Nükleer santrallerin ortaya çıktığı zaman ve uzamın ötesinde tüm dünya için sürekli tehdit oluşturduğu en çok yaşanan felaketlerle anlaşılmıştır. Nitekim otuz iki yıl önce meydana gelen Çernobil Nükleer Felaketi’nin kızıl ormanında iki gün önce çıkan yangın, yapraklara tutunan yüksek dozda radyasyonun atmosfere bir kez daha yayılmasına yol açtı ve bu olayın tekrar olmayacağının garantisi yok. Diğer taraftan birkaç gün önce Ukrayna’daki ineklerin sütünde radyoaktivite tespit edildi. Ayrıca bilim insanları gelecek on yıl içinde Çernobil kaynaklı kırk bin yeni kanser vakası olacağına dikkat çekiyor. Japonya’da ise Fukuşima Nükleer Santrali’nden okyanusa yedi yıldır her gün milyonlarca dolar harcanarak teknolojinin tüm imkanlarının seferber edilmesine rağmen önlenemeyen şekilde üç yüz ton radyoaktif su akıyor. Nükleer santral sahasındaki silolarda biriktirilen radyaoaktif suyun miktarı bir milyon tona ulaştı ve belli proseslerden geçirilerek denize boşaltılması için planlar yapılıyor. Fukuşima sonrası çocukluk çağı kanseri eskiye göre beş yüz kat arttı, kalp ve kan hastalıklarıyla psikolojik problemler de cabası. Belçika ise eskiyen nükleer reaktörlerinin soğutma kulelerindeki binlerce çatlak nedeniyle radyoaktivite yayıldığı için olası bir felakete hazırlık olarak halkına iyot hapları dağıtmak zorunda kaldı.

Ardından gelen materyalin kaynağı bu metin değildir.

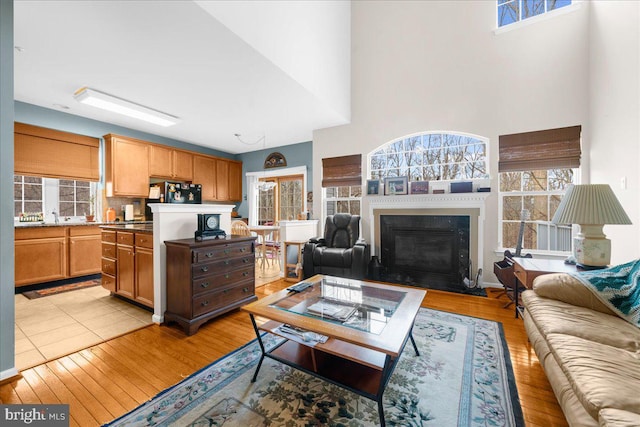 living room with light hardwood / wood-style floors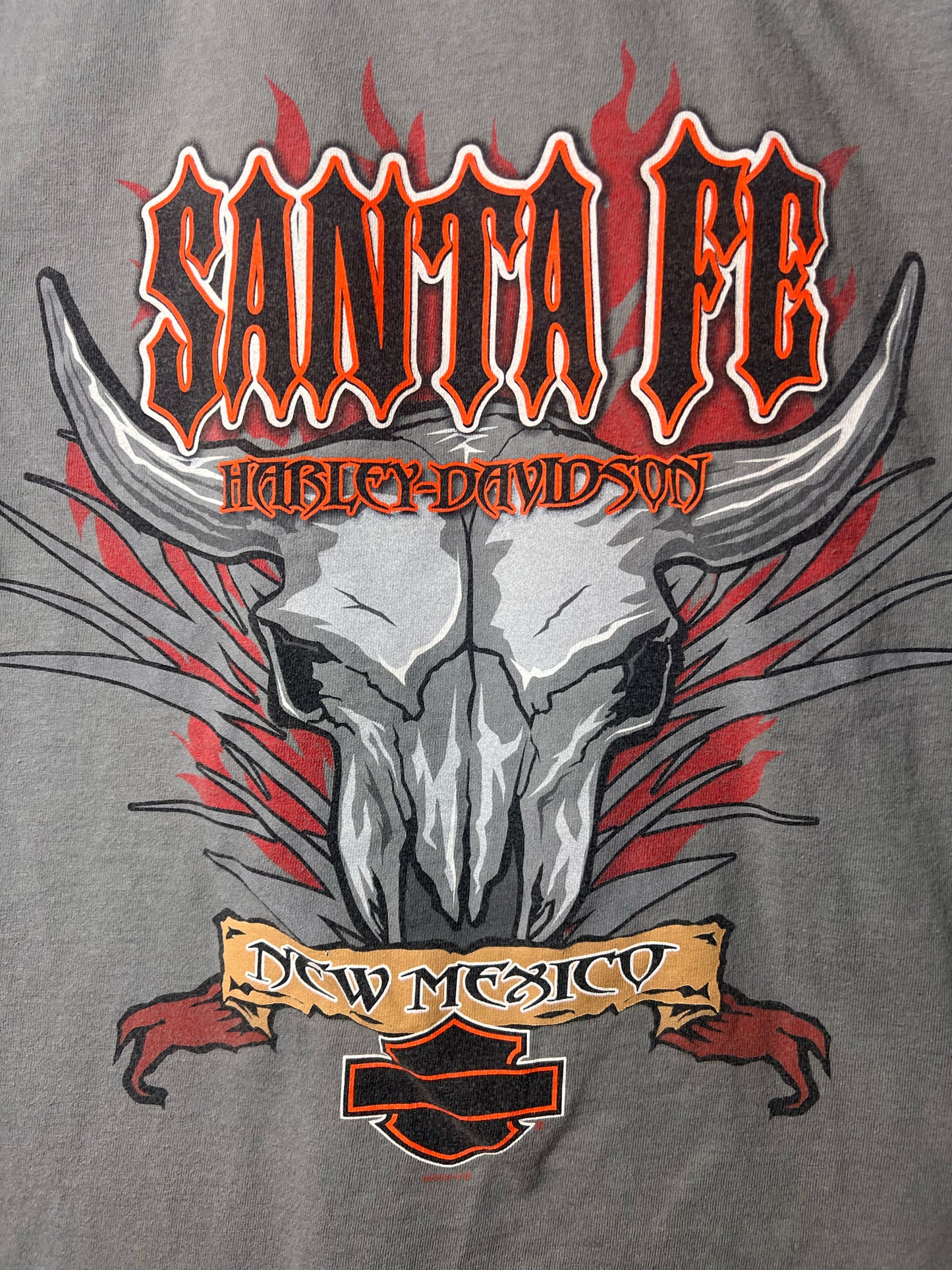 Size XL Harley-Davidson Used HD T-Shirt - Special Collection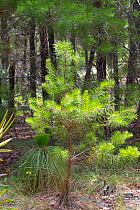 Sand pine tree (Pinus clausa) Florida, USA. May.
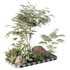 HQ Tree and bush garden box outdoor VOL 14 - Thumbnail 1
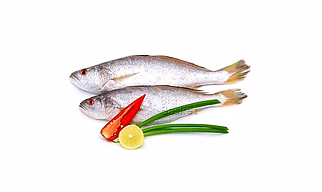 FROZEN CROAKER FISH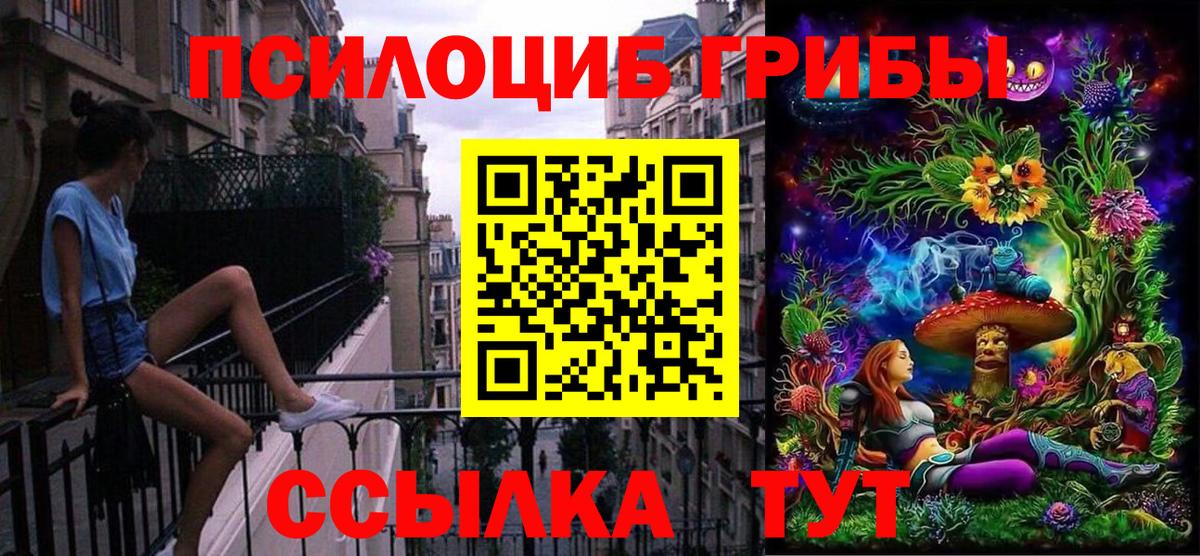 Псилоцибиновые грибы MAGIC MUSHROOMS Вятские Поляны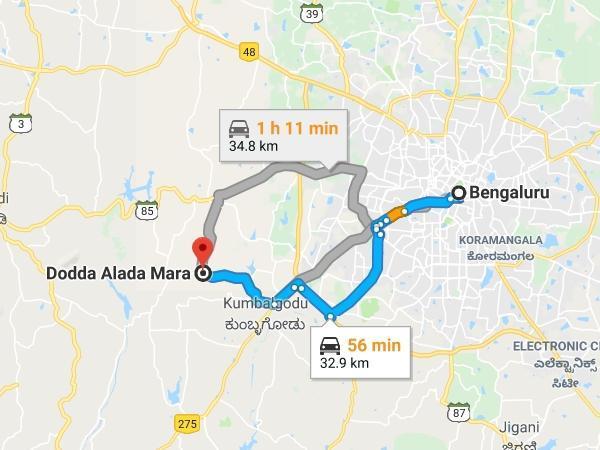 400 సంవత్సరాల వయస్సు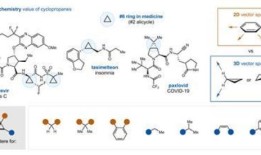 铁盐催化环丙烷羰基的生成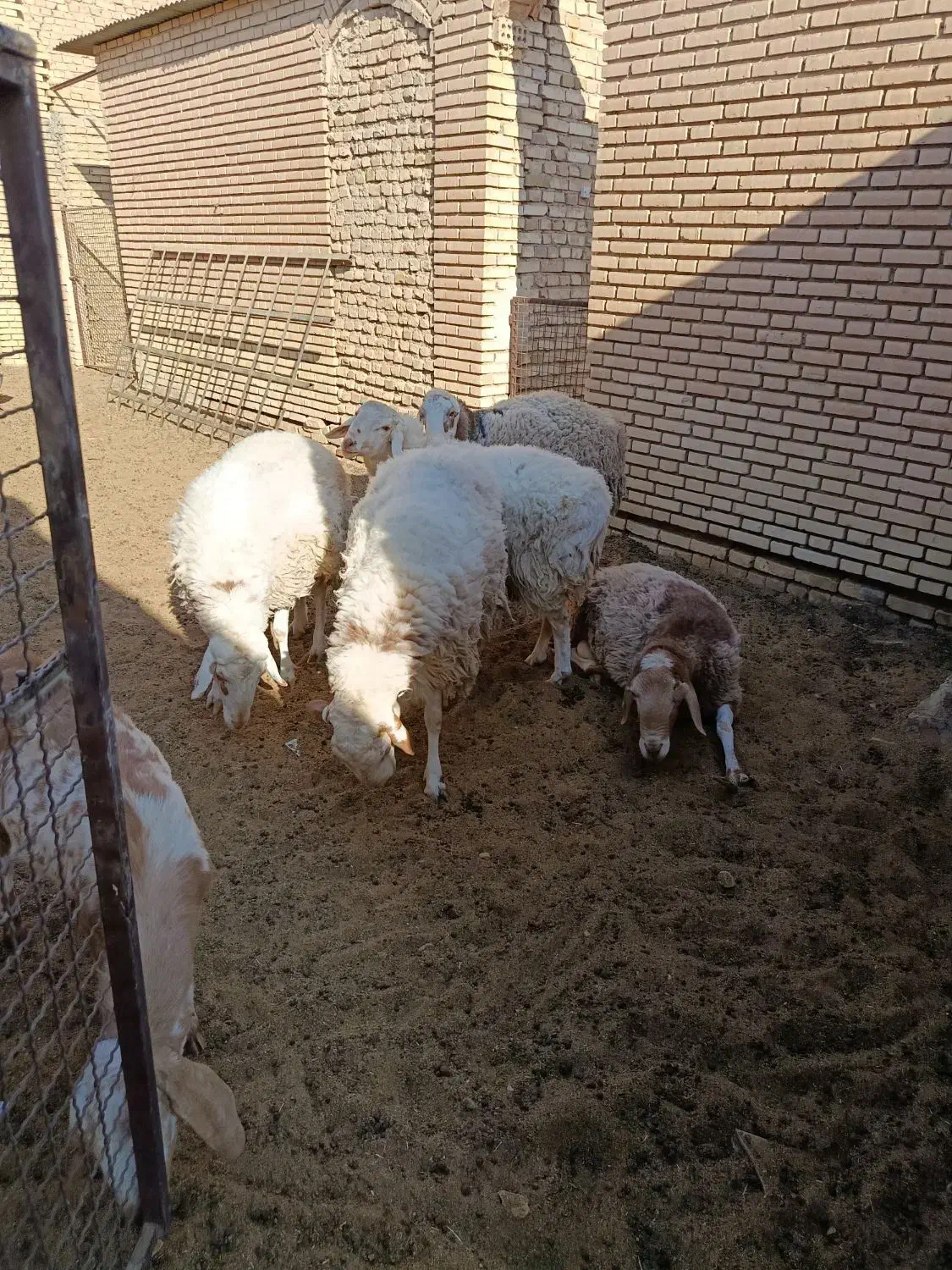 فروش چند عدد بره نر،وکره چپش|حیوانات مزرعه|بفروئیه, |دیوار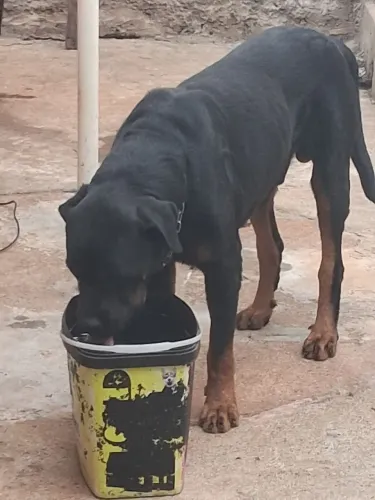 Rotwiler macho 1anoe8 meses alemão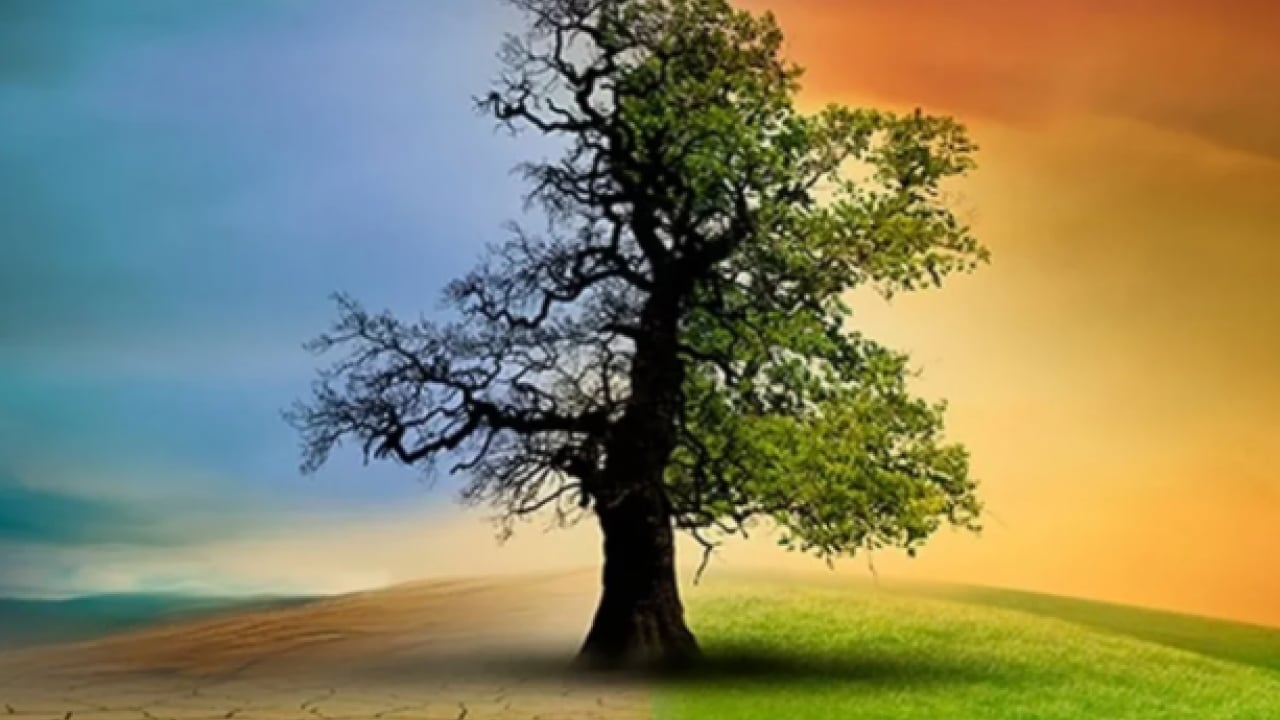 Foto - Milyonlar evini terk ediyor! İklim değişikliği küresel göçe zorluyor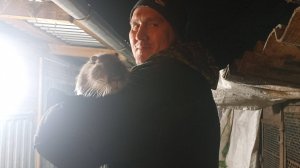 СТЁПА - добряк или нет? Молодая семья НУТРИЙ. 28.12.24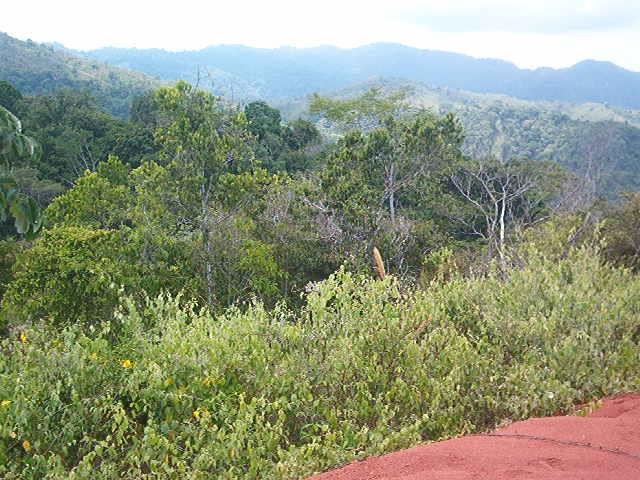 0 1 Mountain Top View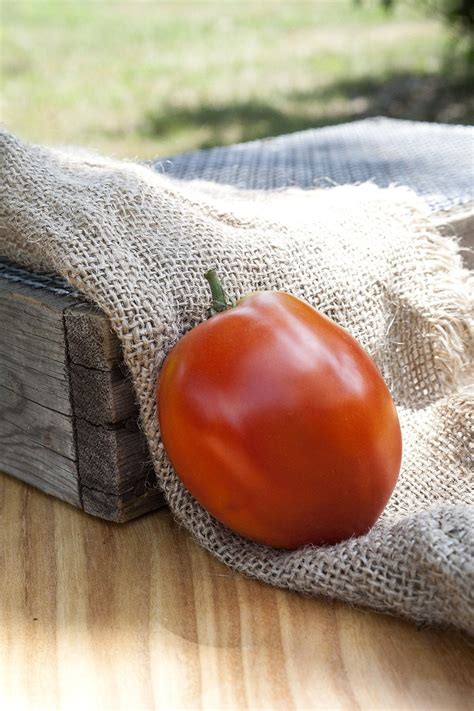 Amish Paste Sauce Heirloom Tomato Premium Seed Packet · Sherwoods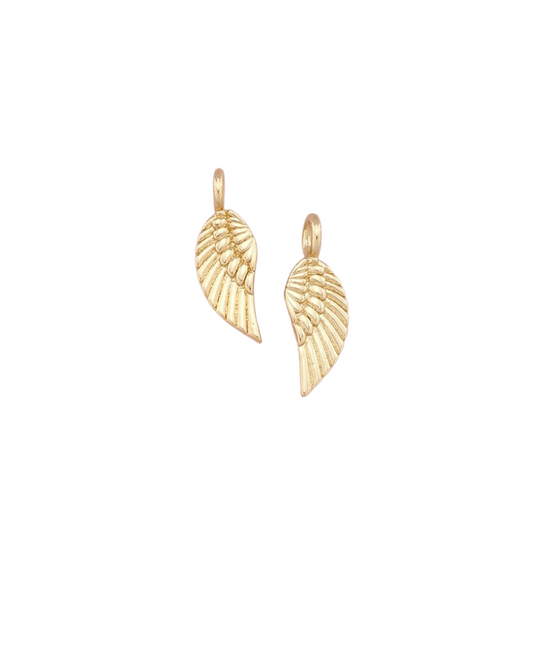 Wings Charm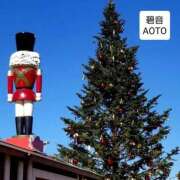 ヒメ日記 2025/12/19 06:24 投稿 碧音 熟女の風俗最終章 横浜本店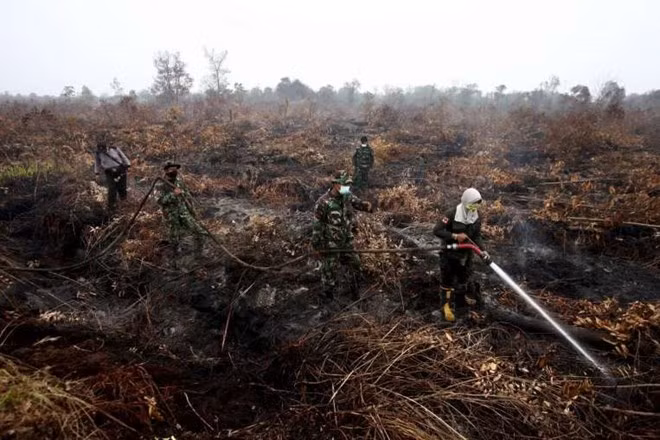 Indonesia moviliza 25 aviones para apagar incendios ảnh 1 Indonesia moviliza 25 aviones para apagar incendios ảnh 1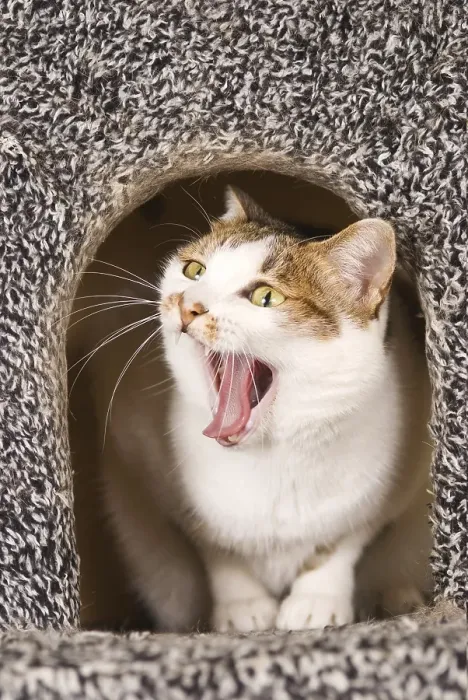 Framed Print : Cat yawning in cat's houseCat yawning in cat's house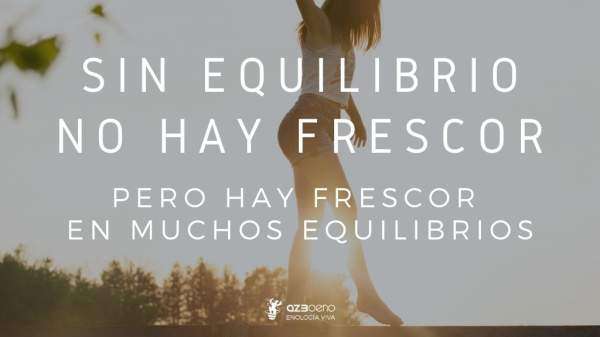 Equilibrio viñedo 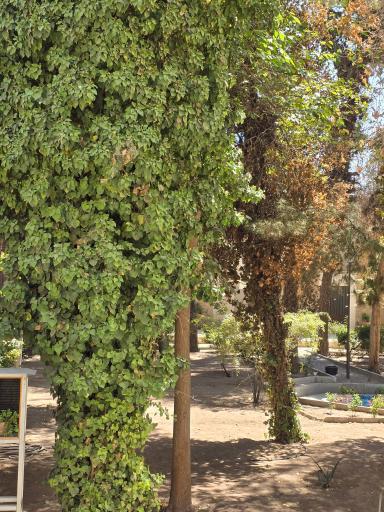 عکس گنبد مشتاقیه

Bu ve benzer nedenlerle pek çok ülke nükleer santrallerin elim sonuçlarını anlayıp bunları yenilerini açmamama taahütünde bulunarak kapatırken, Türkiye ise nükleer santral kurma kararlarını devletin imkanlarını seferber ederek gerçekleştirmeye çalışıyor. Oysa neoliberalizmin nükleer enerji üretimi şartlarında nasıl facialara neden olduğunu bir yargı kararı ile dahi ortaya kondu. 2016 yılında Japonya’da Fukuşima Nükleer felaketinin meydana gelme nedenlerini ilgilendiren davada mahkeme, Japon Hükümeti ile TEPCO’nun nükleer felaketle ilgili olarak müteselsilen sorumlu olduğuna hükmetti. Esasen bu yargı kararı Uluslararası Atom Enerjisi Ajansı’nın (UAEA) Türkiye’deki Akkuyu Nükleer Santrali’ne ilişkin 2013 yılı değerlendirme raporunu akla getiren türden. O rapor ki nükleer santrali ilgilendiren süreçlerin siyasi iktidardan özerk bir şekilde yürümesi gerektiğine dikkat çektiği için devlet sırrı gibi saklanmış, kamuoyunun erişimi ancak iki yıl sonra mümkün olmuştu.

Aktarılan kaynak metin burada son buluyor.